Gregory C. Schoper


1968

Parks and Recreation

Pershing Rifles, Pledge Platoon Assistant Commander, 4th Regimental Headquarters Staff, ROTC Brigade Staff, Society of Military Engineers

Huntsville, AL

Former Sherry McKee, Clemson class of 1967; 1 Son

Army, First Lieutenant

2nd Battalion, 8th Cavalry, 1st Cavalry Division

Silver Star, Bronze Star with Oak Leaf Cluster, Purple Heart, Air Medal, National Defense Service Medal, Vietnam Service Medal, Republic of Vietnam Gallantry Cross Unit Citation with Palm, Republic of Vietnam Campaign Medal, Combat Infantry Badge, Parachutist Badge, Expert Rifleman's Badge

Aug 18, 1945

Feb 14, 1970

Killed in Action; In Tay Nihn, Vietnam. Hostile ground casualty. Small arms fire.
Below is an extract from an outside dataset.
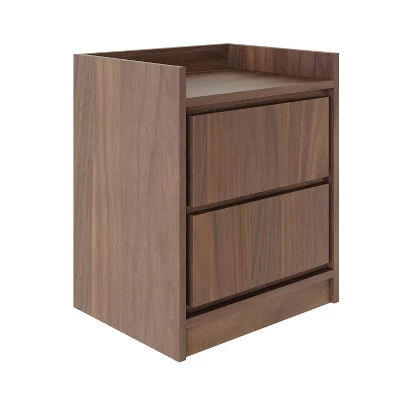 Corsica Swing Door Nightstand Walnut - Eco Dream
Lt. Schoper's body was recovered and buried in Arlington National Cemetery, Arlington, VA

SW

Personal Remembrances

"Greg graduated from Clemson in 1968.  Greg participated in basic and advanced Army ROTC while at Clemson.  You might check the records from 1967 ROTC summer camp at Ft Bragg.  I believe he was the top cadet.  As a Distinguished Military Graduate, Greg was commissioned 2LT in the U.S. Army. He completed Infantry Basic and Advanced training and airborne training.  He might have completed Ranger training but I cannot say for sure.

Greg served in Vietnam (not sure of the dates) from late summer/early fall 1969 with the 1st Cavalry.  Greg was killed in action on Valentine Day, 1970.  Greg's purpose in life was to be an infantry officer; he died doing exactly what he wanted to do.  Greg comes from a military family; his father was killed during the Korean War.

While at Clemson, Greg was a member of the Pershing Rifles from 1964 through 1968.  Greg married Sherry McKee after graduation.  He and Sherry had a son. I think they named him Gregory.  Sherry is also a Clemson graduate.  She remarried some time afterward and I lost track of them.  Hopefully you have a way to contact her as an alumna."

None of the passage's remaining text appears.